Competence Area "Situation"
Besides basic reactive behaviour, situational controllers need to sense and integrate body and sensors information with situation information to allow the robot to build a representation of the task and control the interaction with humans. In particular, the integration of multi-modal sensory input leads to a more situated awareness in order to predict, detect and avoid threats before they arise. Situated controllers also need to make use of additional cues from the human interaction. For instance, integrating spoken utterances or sounds can modify movement plans and interrupt actions spontaneous and instantaneous. Here, we pursue an approach where the situational control system co-adapts with the sensorimotor body system and the environmental constraints.

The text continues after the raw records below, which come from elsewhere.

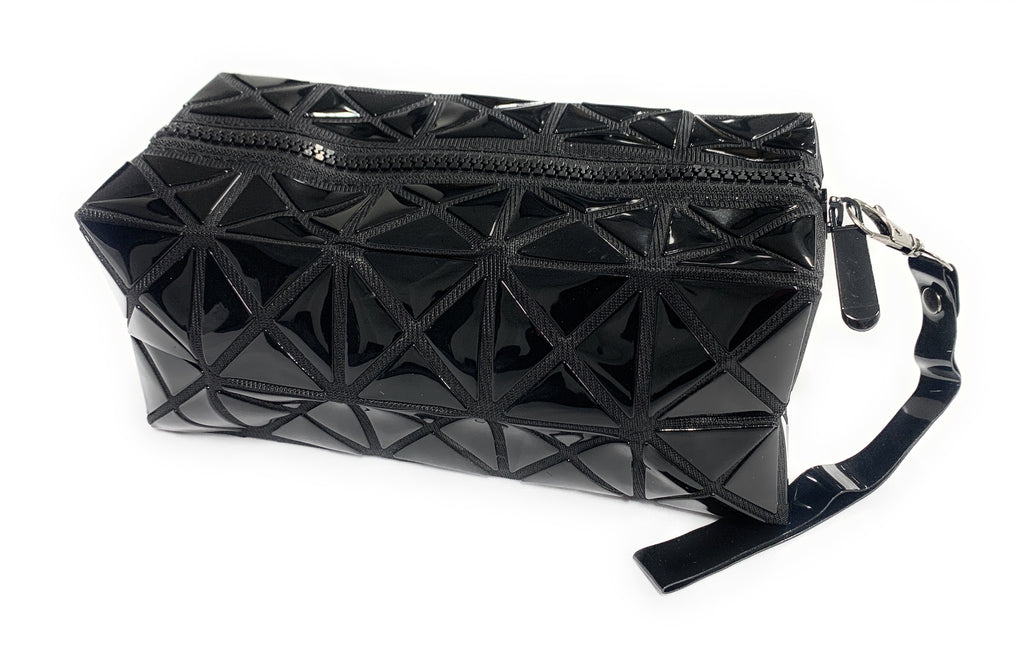 High Gloss Geometric Pencil Case Wash Bag Makeup Wrist Bag - Black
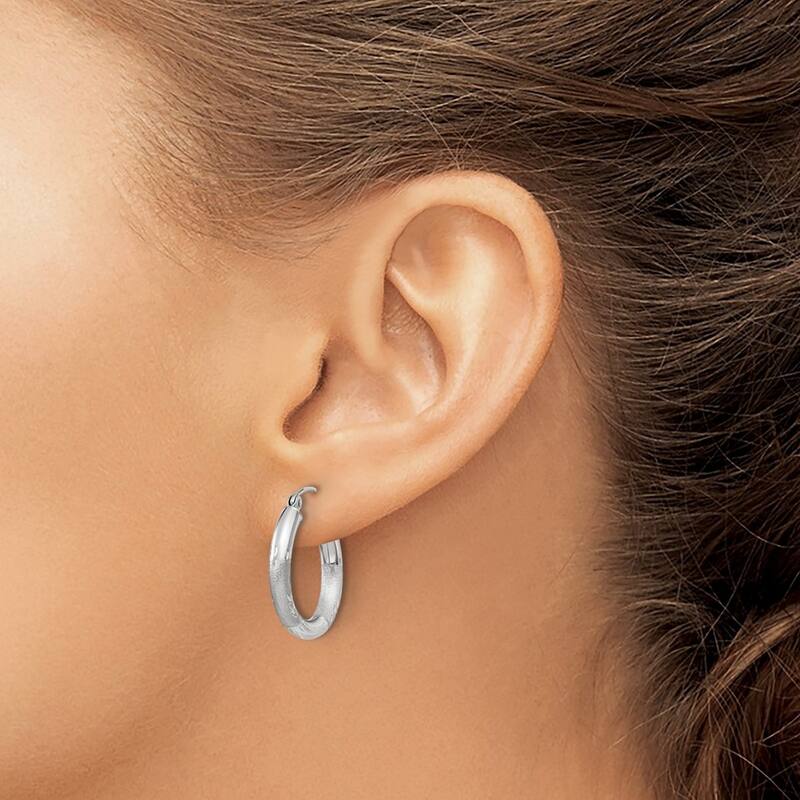 Curata 14k White Gold Satin and Sparkle Cut Round Hoop Earrings - 3mm 20x20mm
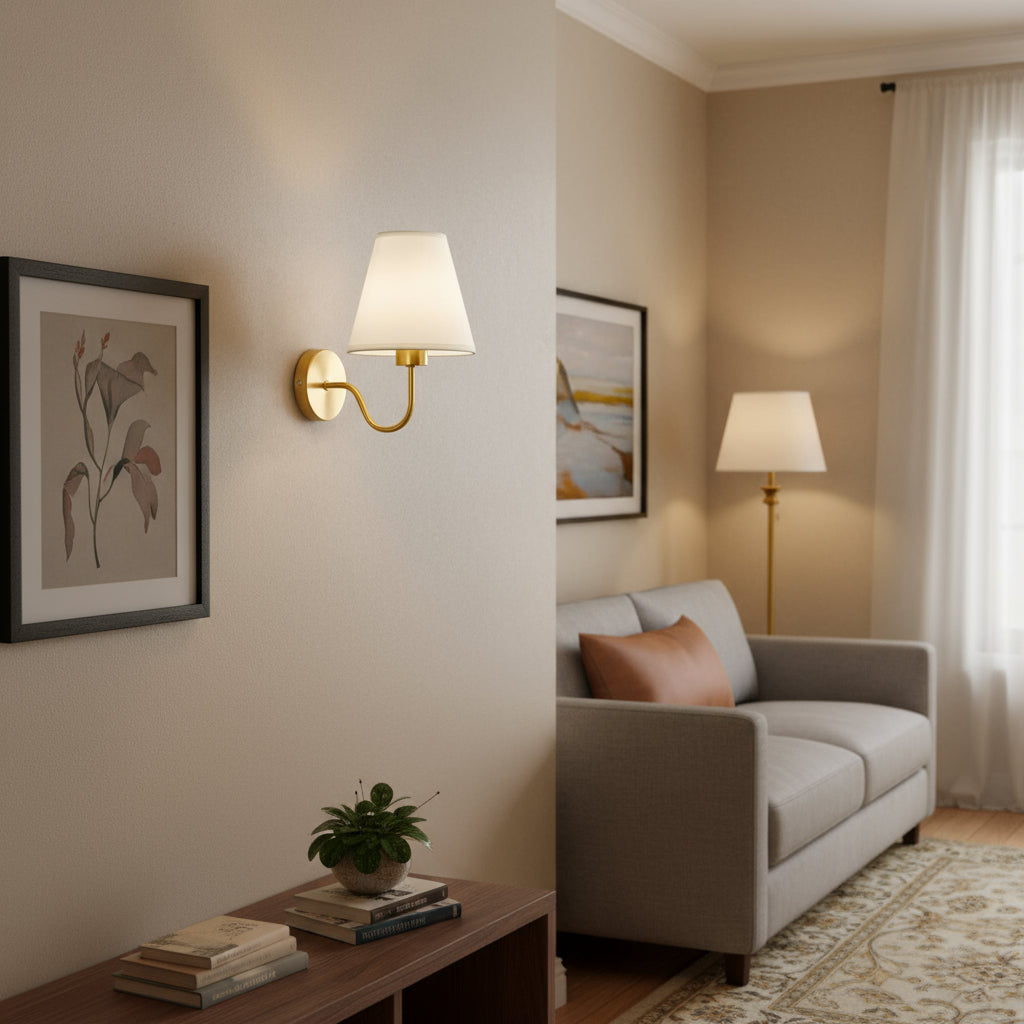 Brass Wall Light | Conical Fabric Shade Sconce with Curved Brass Arm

Within SECURE, the fellows will work on a variety of neuro-inspired control systems ranging from low-level sensorimotor control to higher-level control tasks related to language interaction between humans and robots. Neurocognitive evidence on action learning and representation, such as the evidence on the mirror neuron system for action production and recognition, provides support for an integrated view of sensorimotor control where touch, proprioception, and vision are intertwined with motor information in a multisensory representation of the space around the body. Moreover, these sensorimotor representations are also integrated with linguistic knowledge from a developmental perspective. Thus some of the fellows’ projects will develop statistical and neuro-inspired robot control systems to support safe interaction with humans.